Alabama has opened the previous three seasons with marquee wins over Michigan, Virginia Tech and West Virginia – so opening with an entrée and not a cupcake is routine. This season’s opener versus Wisconsin, however, poses a significant challenge as Bama re-tools almost its entire offense. For that matter, Bama’s defense gave up over forty points in two of its final three games last year – so the Tide enters this game amidst more question marks than usual. Vegas says “Bama is still Bama,” and favors the Tide by ten. Will Jake Coker step up and finally take this job?
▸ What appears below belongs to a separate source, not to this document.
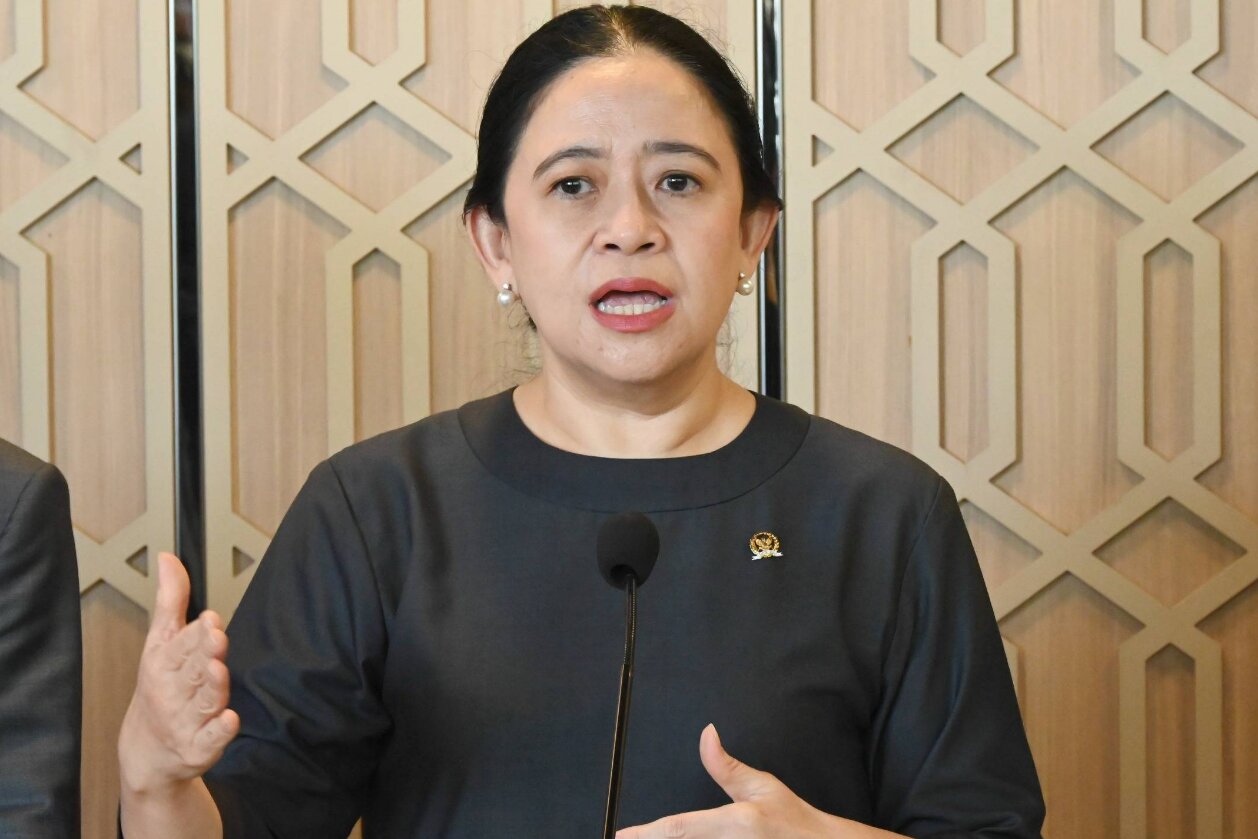 Ketua DPR RI Puan Maharani angkat suara soal ambang batas parlemen 5 persen hingga capres-cawapres diusung dua partai, sebut masih dibahas informal belum resmi di DPR.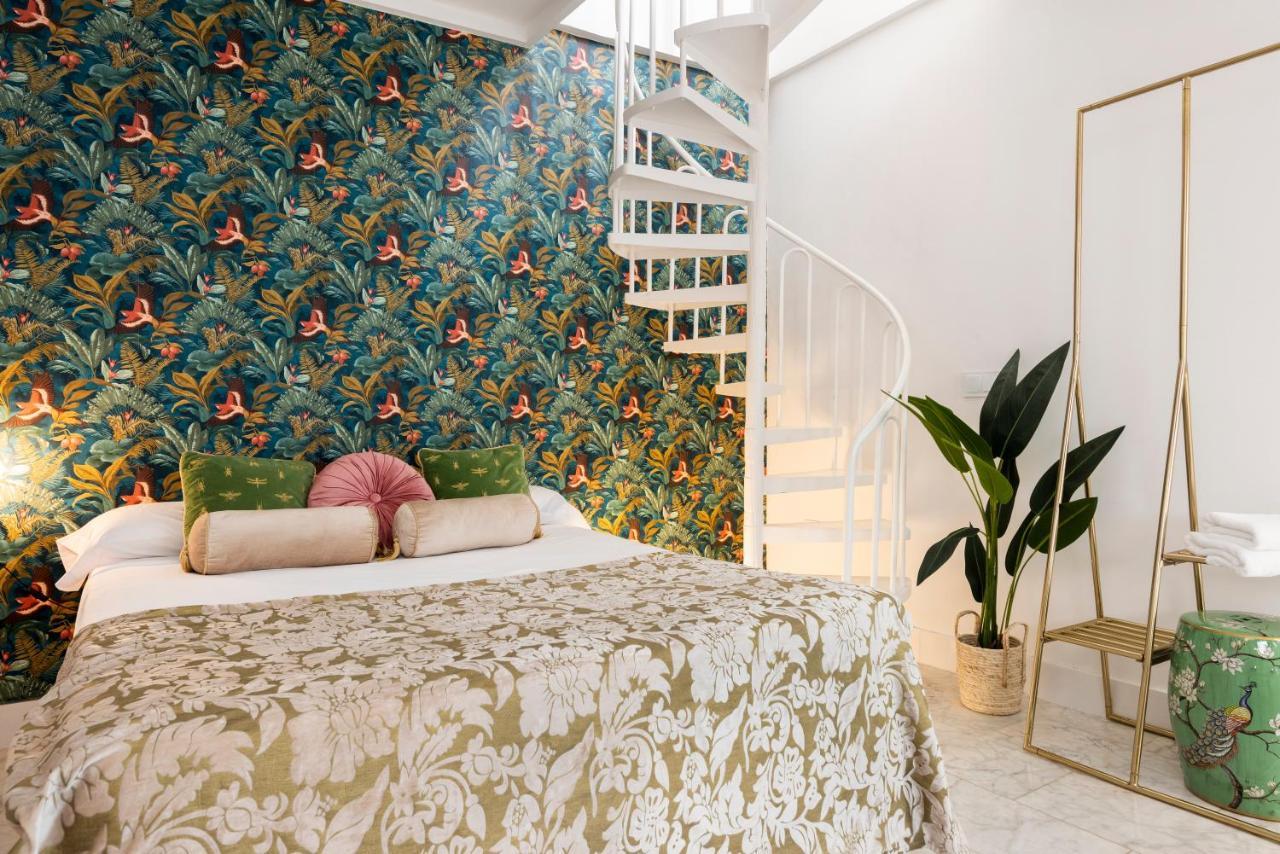 Monkeys Apartments Luxury Penthouse Cathedral & Terrace Siviglia Esterno foto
Pick: Bama 34, Wisconsin 17.

The Auburn Tigers have had issues in recent out-of-conference openers, losing to Clemson in 2012, and sneaking past Utah State and Washington State in 2011 and 2013. Auburn opens in Atlanta against a big-name Louisville squad; but Bobby Petrino’s team is replacing a lot of starters. It is likely good to catch this Louisville club early. Auburn qb Jeremy Johnson will get his season off on the right track. Pick: Auburn 44, Louisville 24.

The North Carolina-South Carolina opening night match-up in Charlotte should be a tense affair. Both teams have a lot on the line and neither can afford this out-of-conference loss as they drift away from the upper echelon of their respective leagues. Vegas likes the Gamecocks by 3, but I see this as a bad match-up for South Carolina. UNC returns ten starters on offense and the Gamecocks’ defense was bad last year – and particularly susceptible to the pass. UNC’s qb Marquise Williams and receiving corps should have a big night – and I am not sure SC can keep up in a track meet. The last time these teams met, SC dominated 27-10 in 2013; can SC’s lines control this game? Pick: UNC 41, SC 35.

As if lining up against the SEC West was not tough enough, Texas A&M decided to open with talented Arizona State. The Sun Devils were 10-3 last year and return 16 starters. The Aggies opened last season by absolutely dismantling South Carolina with their quick-paced offense – an attack which is a handful for anyone on opening day. Vegas, again, likes the SEC team – by three. Maybe the fact that the game is in Houston is worth a few points for A&M? Maybe the addition of John Chavis as DC is worth a couple more points? Even with Chavis, Texas A&M is still a year away on defense – and many West Coasters see Arizona State as a legitimate threat to win the PAC 12. Pick: Arizona State 37, A&M 34.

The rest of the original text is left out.